In the process, the Bay Area startup is creating a whole new category of food. You’ve heard of plant-based foods; next, you’ll be able to eat “flora-based” food.

That’s the term co-founders Ryan Pandya and Perumal Gandhi settled on to describe products made using microorganisms—including the yeast they use to create casein, the main protein found in cow milk. Perfect Day claims its yeast-based milk proteins have all the functionality and taste of the milk proteins food companies have extracted from dairy for more than a century, but with none of the environmental downsides.

It takes a lot of energy to grow and transport the animal feed that dairy cows eat. And those cows produce a lot of methane that winds up in the Earth’s warming atmosphere. Perfect Day says its product will allow food manufacturers who sell ice cream, sour cream, cheeses, butter, milk, and other dairy products to use their protein instead of the kind they’ve traditionally gotten from milk.

To roll out the concept to the general public, the company is selling a limited-batch of 3,000 containers of flora-based ice cream on its website for $20 apiece (a cost that includes shipping in dry ice). By engaging and educating people about the new category of food, the company hopes to get ahead of any questions people might have about it.

One of those questions sticks out like a sore thumb, and that’s because it’s right on the label. The protein Perfect Day uses may not come from cow milk, but it’s still technically milk protein—and that’s what’s printed on the ingredients list, because that’s how the US Food and Drug Administration regulates product labeling. But for an everyday shopper that might be confusing.
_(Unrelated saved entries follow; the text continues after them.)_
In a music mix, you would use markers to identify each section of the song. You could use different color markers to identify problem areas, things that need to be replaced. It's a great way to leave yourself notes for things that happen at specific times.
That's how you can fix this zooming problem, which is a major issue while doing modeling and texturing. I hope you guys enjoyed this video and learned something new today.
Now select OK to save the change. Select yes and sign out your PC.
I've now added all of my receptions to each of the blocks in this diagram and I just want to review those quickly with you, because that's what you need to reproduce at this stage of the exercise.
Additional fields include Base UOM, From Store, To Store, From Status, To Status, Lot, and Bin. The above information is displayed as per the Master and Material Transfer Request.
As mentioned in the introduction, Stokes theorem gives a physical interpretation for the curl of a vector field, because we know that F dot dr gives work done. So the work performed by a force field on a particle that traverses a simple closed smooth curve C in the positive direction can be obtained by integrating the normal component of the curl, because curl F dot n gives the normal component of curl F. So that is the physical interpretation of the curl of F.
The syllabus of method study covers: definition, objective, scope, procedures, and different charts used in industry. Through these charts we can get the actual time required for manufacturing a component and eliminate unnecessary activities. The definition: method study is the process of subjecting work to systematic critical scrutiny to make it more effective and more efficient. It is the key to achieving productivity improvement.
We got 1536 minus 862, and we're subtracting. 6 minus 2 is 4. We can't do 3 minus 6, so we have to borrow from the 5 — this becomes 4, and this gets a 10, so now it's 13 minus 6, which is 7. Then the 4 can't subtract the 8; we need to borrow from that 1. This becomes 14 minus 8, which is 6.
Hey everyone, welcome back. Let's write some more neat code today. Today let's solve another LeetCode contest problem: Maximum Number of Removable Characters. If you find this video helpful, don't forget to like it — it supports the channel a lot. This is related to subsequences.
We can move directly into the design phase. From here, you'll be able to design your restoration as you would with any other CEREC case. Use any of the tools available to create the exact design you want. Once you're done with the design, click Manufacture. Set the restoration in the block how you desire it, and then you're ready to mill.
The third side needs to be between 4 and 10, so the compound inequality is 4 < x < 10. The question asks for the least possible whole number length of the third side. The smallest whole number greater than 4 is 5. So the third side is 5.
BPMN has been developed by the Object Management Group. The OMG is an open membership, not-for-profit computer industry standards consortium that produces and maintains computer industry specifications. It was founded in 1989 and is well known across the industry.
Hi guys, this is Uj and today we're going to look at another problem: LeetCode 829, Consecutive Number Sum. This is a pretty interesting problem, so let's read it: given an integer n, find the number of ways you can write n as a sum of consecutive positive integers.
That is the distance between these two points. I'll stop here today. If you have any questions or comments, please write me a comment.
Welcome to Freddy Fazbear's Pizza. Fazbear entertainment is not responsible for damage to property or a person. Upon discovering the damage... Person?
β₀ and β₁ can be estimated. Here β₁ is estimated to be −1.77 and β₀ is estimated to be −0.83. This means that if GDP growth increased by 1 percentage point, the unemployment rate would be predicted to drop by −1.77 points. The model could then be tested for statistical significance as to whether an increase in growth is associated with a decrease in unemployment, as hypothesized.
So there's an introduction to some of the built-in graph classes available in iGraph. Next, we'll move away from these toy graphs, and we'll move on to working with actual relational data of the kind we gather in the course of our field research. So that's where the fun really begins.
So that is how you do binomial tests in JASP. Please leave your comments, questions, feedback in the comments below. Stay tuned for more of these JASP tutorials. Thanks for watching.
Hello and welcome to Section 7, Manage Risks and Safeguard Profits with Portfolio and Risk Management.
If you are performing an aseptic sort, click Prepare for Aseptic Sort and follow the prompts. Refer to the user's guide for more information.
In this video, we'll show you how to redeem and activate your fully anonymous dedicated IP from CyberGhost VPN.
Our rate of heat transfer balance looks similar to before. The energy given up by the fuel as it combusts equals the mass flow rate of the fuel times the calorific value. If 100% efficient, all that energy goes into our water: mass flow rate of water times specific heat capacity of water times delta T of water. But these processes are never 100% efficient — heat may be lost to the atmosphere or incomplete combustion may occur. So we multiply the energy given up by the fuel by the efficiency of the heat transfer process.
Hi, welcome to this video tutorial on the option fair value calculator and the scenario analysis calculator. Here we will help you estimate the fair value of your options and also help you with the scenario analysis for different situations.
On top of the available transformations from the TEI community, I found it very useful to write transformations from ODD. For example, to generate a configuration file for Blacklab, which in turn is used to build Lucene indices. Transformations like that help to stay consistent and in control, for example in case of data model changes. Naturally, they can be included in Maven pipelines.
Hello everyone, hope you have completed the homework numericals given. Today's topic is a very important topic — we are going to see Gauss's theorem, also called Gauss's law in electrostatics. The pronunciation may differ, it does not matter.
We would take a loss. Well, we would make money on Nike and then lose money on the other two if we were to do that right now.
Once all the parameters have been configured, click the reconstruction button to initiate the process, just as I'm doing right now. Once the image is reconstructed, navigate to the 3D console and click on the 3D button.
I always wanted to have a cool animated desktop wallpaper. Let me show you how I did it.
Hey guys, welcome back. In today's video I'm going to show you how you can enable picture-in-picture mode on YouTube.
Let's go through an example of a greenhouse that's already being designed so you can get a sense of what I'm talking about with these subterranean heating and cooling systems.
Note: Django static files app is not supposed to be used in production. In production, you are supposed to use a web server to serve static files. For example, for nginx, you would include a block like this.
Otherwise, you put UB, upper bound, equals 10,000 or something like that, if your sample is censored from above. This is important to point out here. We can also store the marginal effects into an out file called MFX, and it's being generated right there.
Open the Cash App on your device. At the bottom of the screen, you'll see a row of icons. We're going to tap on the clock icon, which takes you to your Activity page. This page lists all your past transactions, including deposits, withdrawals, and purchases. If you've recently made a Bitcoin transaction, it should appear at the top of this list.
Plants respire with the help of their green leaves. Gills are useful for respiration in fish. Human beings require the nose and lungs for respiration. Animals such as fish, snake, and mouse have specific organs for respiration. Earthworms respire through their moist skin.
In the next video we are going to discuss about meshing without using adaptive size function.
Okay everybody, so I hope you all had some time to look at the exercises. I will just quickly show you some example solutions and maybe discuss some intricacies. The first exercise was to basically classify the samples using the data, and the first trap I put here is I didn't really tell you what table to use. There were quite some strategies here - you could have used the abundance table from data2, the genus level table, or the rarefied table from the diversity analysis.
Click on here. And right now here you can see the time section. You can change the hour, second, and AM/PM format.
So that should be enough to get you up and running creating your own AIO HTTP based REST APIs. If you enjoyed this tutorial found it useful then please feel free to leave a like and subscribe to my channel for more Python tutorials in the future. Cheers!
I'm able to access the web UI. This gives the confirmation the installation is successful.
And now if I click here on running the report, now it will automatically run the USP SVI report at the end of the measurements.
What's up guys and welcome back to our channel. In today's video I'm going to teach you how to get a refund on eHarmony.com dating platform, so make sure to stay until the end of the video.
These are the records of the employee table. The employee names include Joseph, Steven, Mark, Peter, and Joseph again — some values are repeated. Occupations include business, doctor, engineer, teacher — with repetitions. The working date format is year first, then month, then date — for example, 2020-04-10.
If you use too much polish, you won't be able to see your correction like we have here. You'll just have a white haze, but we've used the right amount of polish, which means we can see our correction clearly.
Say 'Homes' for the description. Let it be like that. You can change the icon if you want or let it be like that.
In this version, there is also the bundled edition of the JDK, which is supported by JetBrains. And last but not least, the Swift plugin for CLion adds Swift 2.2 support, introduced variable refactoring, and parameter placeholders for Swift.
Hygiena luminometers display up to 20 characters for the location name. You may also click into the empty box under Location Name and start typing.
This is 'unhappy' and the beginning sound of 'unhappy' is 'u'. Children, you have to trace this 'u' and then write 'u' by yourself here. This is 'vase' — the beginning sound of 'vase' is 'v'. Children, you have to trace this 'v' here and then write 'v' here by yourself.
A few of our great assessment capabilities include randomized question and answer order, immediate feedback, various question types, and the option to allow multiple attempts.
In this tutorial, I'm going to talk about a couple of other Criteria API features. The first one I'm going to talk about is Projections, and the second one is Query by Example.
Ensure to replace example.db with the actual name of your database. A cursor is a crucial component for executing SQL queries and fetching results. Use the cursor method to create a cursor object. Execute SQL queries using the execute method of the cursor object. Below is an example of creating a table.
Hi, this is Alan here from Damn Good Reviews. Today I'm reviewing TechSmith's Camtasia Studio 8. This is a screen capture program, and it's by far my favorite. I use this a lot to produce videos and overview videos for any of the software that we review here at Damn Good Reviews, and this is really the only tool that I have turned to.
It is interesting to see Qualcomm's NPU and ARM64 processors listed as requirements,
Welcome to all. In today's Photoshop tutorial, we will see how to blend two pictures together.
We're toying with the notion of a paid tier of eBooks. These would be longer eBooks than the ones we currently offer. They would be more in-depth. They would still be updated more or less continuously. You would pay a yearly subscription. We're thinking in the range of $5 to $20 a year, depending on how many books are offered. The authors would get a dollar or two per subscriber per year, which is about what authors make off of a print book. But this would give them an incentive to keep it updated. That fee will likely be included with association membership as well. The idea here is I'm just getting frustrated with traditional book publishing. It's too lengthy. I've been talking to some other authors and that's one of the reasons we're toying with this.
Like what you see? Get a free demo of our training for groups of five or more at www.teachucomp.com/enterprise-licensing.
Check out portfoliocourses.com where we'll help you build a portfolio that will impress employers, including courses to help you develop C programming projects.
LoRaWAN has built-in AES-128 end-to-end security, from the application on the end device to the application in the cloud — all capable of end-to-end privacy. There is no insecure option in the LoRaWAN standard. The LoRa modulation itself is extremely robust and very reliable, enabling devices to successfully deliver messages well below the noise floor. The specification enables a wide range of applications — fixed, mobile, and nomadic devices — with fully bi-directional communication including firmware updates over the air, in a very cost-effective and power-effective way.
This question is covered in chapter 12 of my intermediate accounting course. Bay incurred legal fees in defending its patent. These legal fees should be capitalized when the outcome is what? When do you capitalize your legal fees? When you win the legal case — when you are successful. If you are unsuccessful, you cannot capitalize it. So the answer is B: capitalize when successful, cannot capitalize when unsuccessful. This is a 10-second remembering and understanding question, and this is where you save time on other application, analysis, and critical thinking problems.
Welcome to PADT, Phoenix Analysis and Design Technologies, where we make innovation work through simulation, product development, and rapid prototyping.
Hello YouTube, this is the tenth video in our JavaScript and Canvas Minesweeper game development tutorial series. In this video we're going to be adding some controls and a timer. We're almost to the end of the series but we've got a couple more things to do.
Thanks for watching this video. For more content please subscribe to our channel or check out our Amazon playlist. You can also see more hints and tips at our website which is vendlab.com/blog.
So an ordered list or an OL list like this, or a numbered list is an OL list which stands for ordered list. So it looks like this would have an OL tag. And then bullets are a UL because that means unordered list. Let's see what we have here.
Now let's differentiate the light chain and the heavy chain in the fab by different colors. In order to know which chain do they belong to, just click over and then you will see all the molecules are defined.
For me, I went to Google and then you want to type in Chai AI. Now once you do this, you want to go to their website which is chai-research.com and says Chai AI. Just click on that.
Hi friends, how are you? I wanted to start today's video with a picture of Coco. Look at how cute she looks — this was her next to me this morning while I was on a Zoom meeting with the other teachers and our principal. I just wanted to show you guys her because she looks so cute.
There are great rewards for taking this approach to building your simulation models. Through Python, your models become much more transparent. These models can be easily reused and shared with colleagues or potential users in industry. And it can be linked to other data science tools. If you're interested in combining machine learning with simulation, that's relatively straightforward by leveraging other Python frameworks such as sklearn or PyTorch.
“We need to start building value around this third category,” Gandhi says. To do that, he wants to tackle confusion head-on, explaining how their new flora-based milk protein is different from the kind that comes from cows. The company’s protein product is made by altering sections of the DNA sequence of food-grade yeast such that the microorganisms, once fed with certain nutrients, produce several key proteins found in milk, including casein and whey.

In the coming months, the startup says it will roll out announcements of partnerships with other food companies. Perfect Day isn’t looking to push food out under its own label so much as it wants to license its technology to other companies; those partners will incorporate it into their recipes and print the Perfect Day logo somewhere on their own product packaging. That will be more possible as the massive Archer Daniels Midland company works with Perfect Day to scale up the supply of yeast-based milk protein available to the market.